Stevia is a popular non-caloric, non-glycaemic, non-insulinaemic sweetener, meaning it has no calories and affects neither blood glucose levels nor insulin levels after consuming it.


It has been estimated that stevia extracts like rebaudioside A are about 300 times as sweet as sucrose, or white table sugar.  The ground whole leaf of the stevia plant is 30-40 times as sweet as table sugar.  The two most abundant chemical compounds in stevia are stevioside and rebaudioside A and these are extracted and refined  for sale as a sweetener in many countries.  Rebaudioside A is considered to provide the best taste with no bitter aftertaste.


Some people find stevia has an unusual taste at first.  It may help to mix it with other sweeteners at first, such as raw sugar, muscovado sugar or xylitol.


Health benefits


In addition to being non-caloric, the studiesdone to date on Stevia indicate that it could have quite a raft of beneficial effects -antioxidant propertiesimproving glucose metabolism, revitalising the pancreatic beta cells which produce insulin,improving lipid profiles (cholesterol and triglycerides), stimulating the immune systemanti-tuberculosis activity,improving the solubility of other drugs, and even potentially inhibiting cancer development.


A 2004 study published in the journal Metabolism found that when type II diabetics were given 1 gram of stevioside with a test meal, compared to control subjects who were given a gram of corn starch instead, stevioside reduced the incremental area under the glucose response curve by 18%, meaning that the total amount of glucose in the blood over the 4 hours after the meal was reduced by 18%. The insulinogenic index, which is the total amount of insulin produced divided by the total amount of blood glucose (AUC,insulin/AUC,glucose) was increased by approximately 40% by stevioside compared to control, indicating that the diabetics were producing more insulin in response to the stevioside and meal.


The FDA controversy


Throughout the 1980?s the popularity of stevia as a sweetener, particularly in teas was growing.  Even large companies like Lipton and Celestial Seasonings included it in their blends.  The herb had been used throughout Asia for decades with no adverse effects and was the most popular sweetener in Japan, taking up half the non-caloric sweetener market, where artificial sweeteners like aspartame have been banned for over 30 years due to concerns over their carcinogenicity.  In 1991, the US FDA banned the import of stevia and stevia products into the US.  An article in the September 28-October 4, 2000 issue of the Sonoma County Independent quoted numerous business owners whose businesses had been stormed by FDA officials, confiscating herbal teas containing stevia, after allegedly being pressured by NutraSweet, now a Monsanto subsidiary.  In 1995, the FDA was forced to repeal its ban on stevia and allowed it to be sold as a supplement, though it could not make claims about its extraordinary sweetening properties.  Coca-cola and Pepsi, under fire for the role their beverages play in the obesity epidemic, became interested in the potential of stevia to lower the calories in their beverages without reducing the sweetness.  In 2007, researchers working for Coca-Cola filed a patent for purifying Reb. A from stevia and in 2008, the FDA approved the use of the isolated rebaudioside A compound from stevia as a sweetener in these companies’ iconic beverages.

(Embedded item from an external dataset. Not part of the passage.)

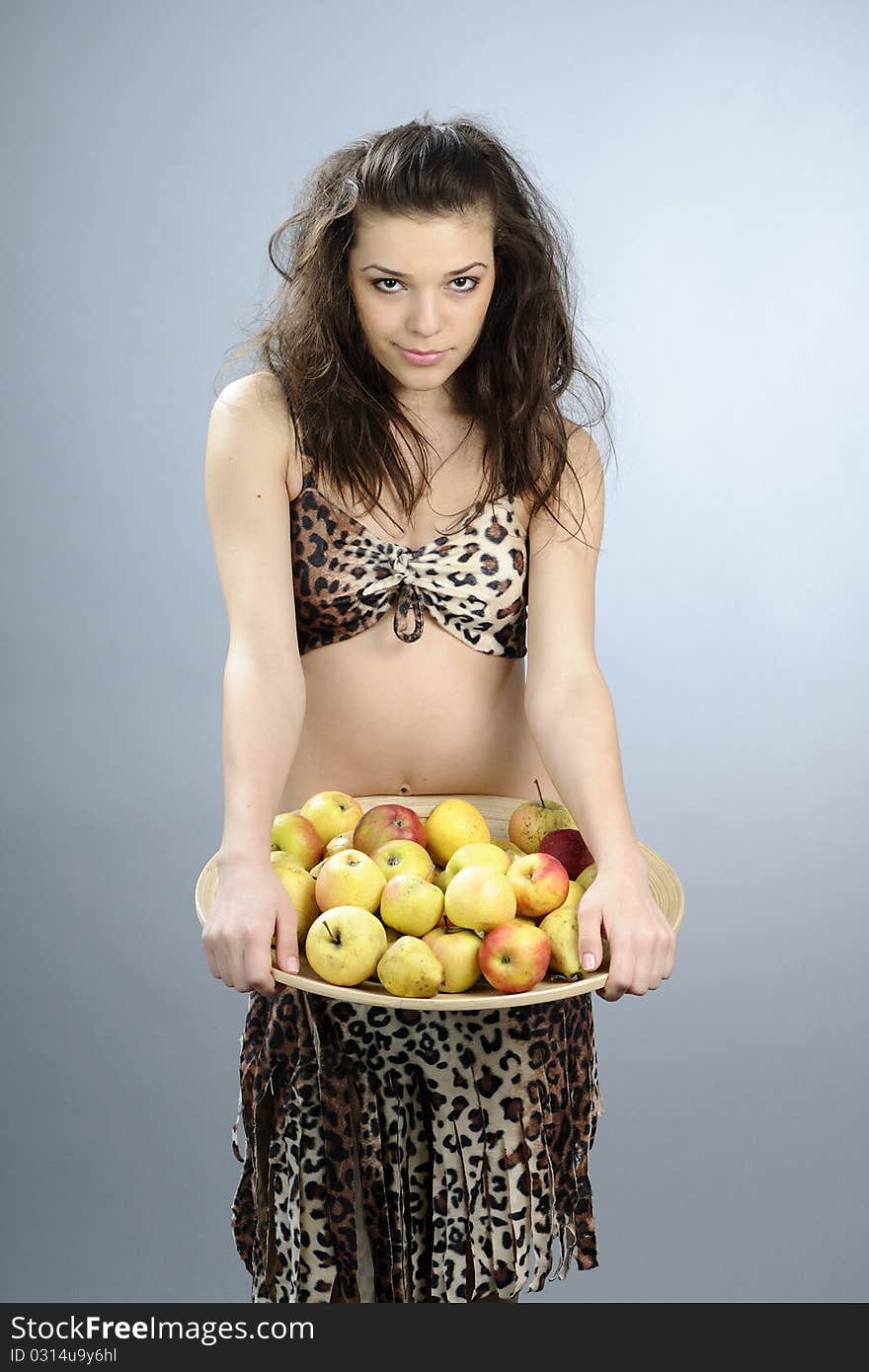 Girl carrying plate with organic apples and pears. Girl carrying plate with organic apples and pears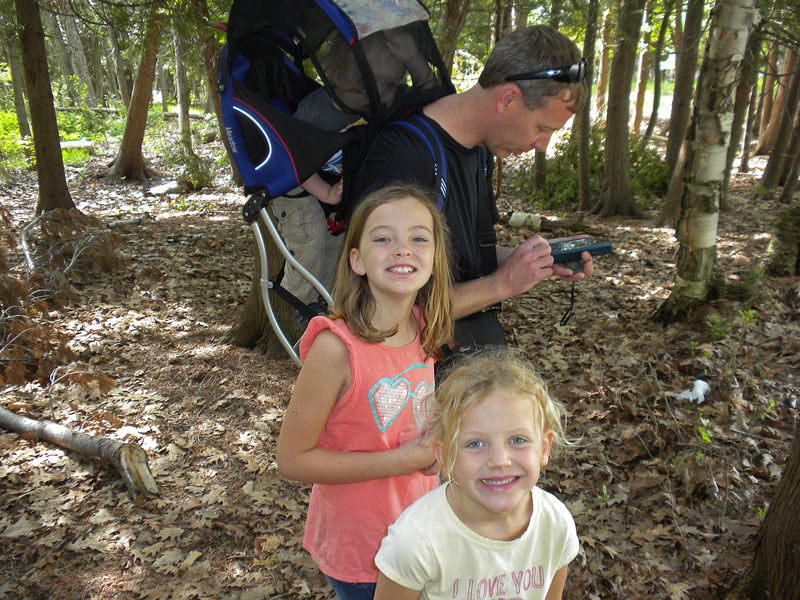 finding a geocache on the way back from the hike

Truvia, Coca-cola’s brand of stevia extract and PureVia, Pepsi’s version, are manufactured using an extraction and purification process which involves the use of toxic and dangerous solvents like acetone and methanol.  Other methods, using only water or water and alcohol are available.


The fertility debate


Anecdotes in online forums


There are some posts by women in online forums that indicate that stevia has adversely affected their menstrual cycle, although these posts are generally by women who have pre-existing hormonal conditions, such as PCOS that are equally as likely to be the cause of cycle irregularity.  It is impossible to rule out coincidence when dealing with the experiences of a single individual.  You can never reproduce the exact set of circumstances in which the ‘reaction’ occurred so it is impossible to know whether these menstrual cycle irregularities can really be attributable to stevia use or whether they would have occurred anyway.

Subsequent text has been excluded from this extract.